I was sorry for our dreams that now wouldn’t come true, due to the breakup that had been my conscious decision.
The next morning it didn’t get easier.
I tried to dive into my feelings, and travel across them as far as I could—in accordance with the psychologists’ advice.
I was crying all day long—my mind visiting the places we used to walk, laugh, and feel happy together.
I was reflecting over past relationships as I had never done before.
I was crying for what had hurt me.
I was sad every day among the beautiful parks and alleys.
In the house there were a lot of memories of us...
I learned every step on the road of loss leading me to a house of grief.
A sudden and incredible discovery arrived: a constantly emerging ability to live without pain. It was growing from the very depth of my heart.
Who or what was the author of that revelation?

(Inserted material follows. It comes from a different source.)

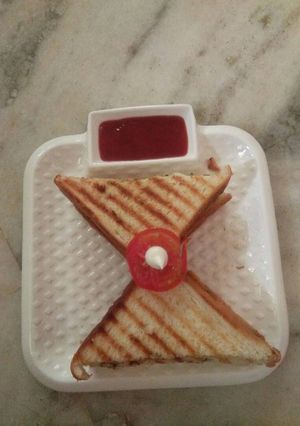 वेज मेयो चीज़ सैंडविच (Veg mayo cheese sandwich recipe in hindi) रेसिपी मुख्य फोटो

The answer was sharp and naked like lightning in the darkness of the night.
It was me myself.
The new me, who had become forgotten had left fate behind and almost buried herself under the ruins of sorrows; it was the real me!

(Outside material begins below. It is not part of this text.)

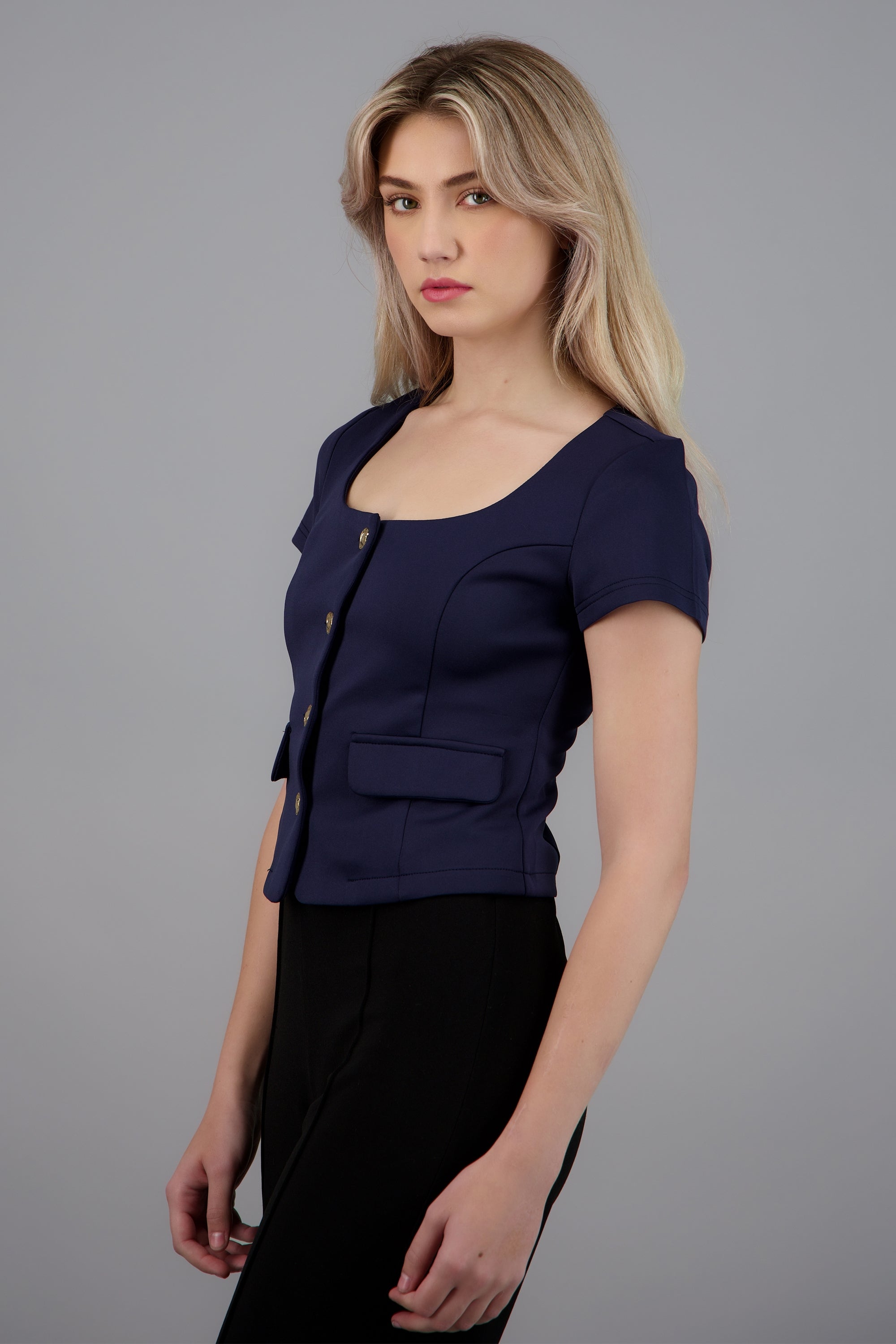 Top con botones con manga corta MARINO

I also realized that she (unexpectedly) appeared because of another part of myself that had been suffering.
And that very part of myself was extremely important for me: that grieving little girl had taught me how to overcome the pain, how to become stronger because she had come through destructive feelings and emotions before.
Those two parts of myself have helped each other and joined together to form a strong, whole-hearted personality.
So, here I am!
Let me give you a piece of advice: every kind of situation including critical ones may happen in our lives. The ability to manage a certain situation will form your personal attitude towards the world you live in and the people surrounding you.

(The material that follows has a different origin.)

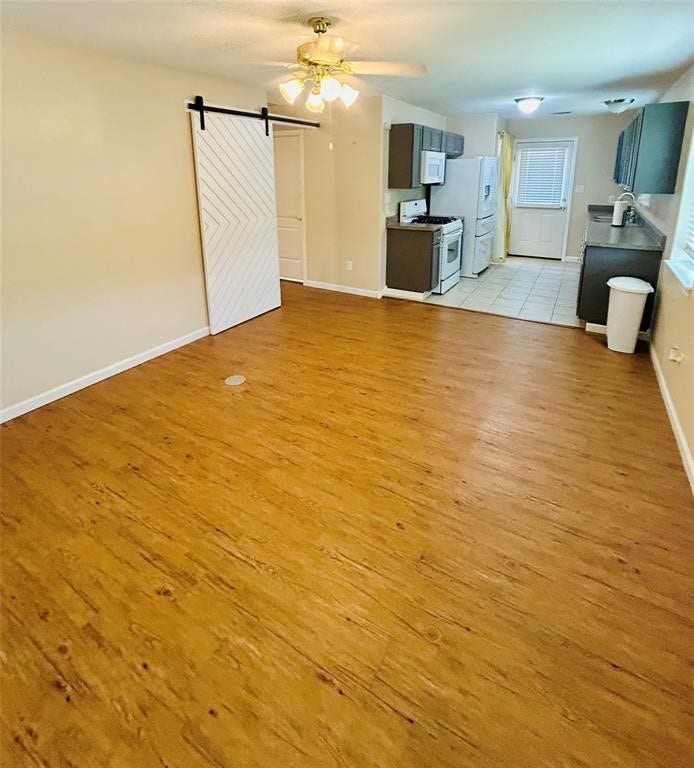 1025 14th Street, San Leon, TX 77539 1025 14th Street, San Leon, TX 77539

As a result, it’s easier to lock yourself up and stop trusting the world to avoid going through the emotions and feelings, and the aches of transformation.
So, how do you get out of a crisis in the shortest possible time?
What can help you to cope with a situation like that?
Recommended: give yourself some time to relax (stress relief—massage, meditation, talking to a psychologist) switch on the will; analyze the situation!
Stop asking yourself “why...” has it happened and start figuring out “what has it happened for?” The first question will make you dive into the past, and the second will make you reach out for a solution in the future.
Make a list of all the important questions like: “What encourages me?” “What makes me feel good?” “What entertains me?” etc...
Try to share your situation with your friends or relatives—perhaps, they have also come through something similar.
Take up any kind of sport: you will be rewarded with endorphins that produce positive emotions.
Just be happy!
Don’t deny the fact the crisis exists. The sooner you realize it does the more chance of getting through it you have.
Don’t go to night clubs, bars, shopping...
Don’t use substances which may excite your nervous system.
A complete prohibition of alcohol and other stimulating substances is desirable.
It may seem to you that the joy of life has returned while using alcohol or drugs, but that is a misleading feeling.
As soon as you get sober, longing will be doubled.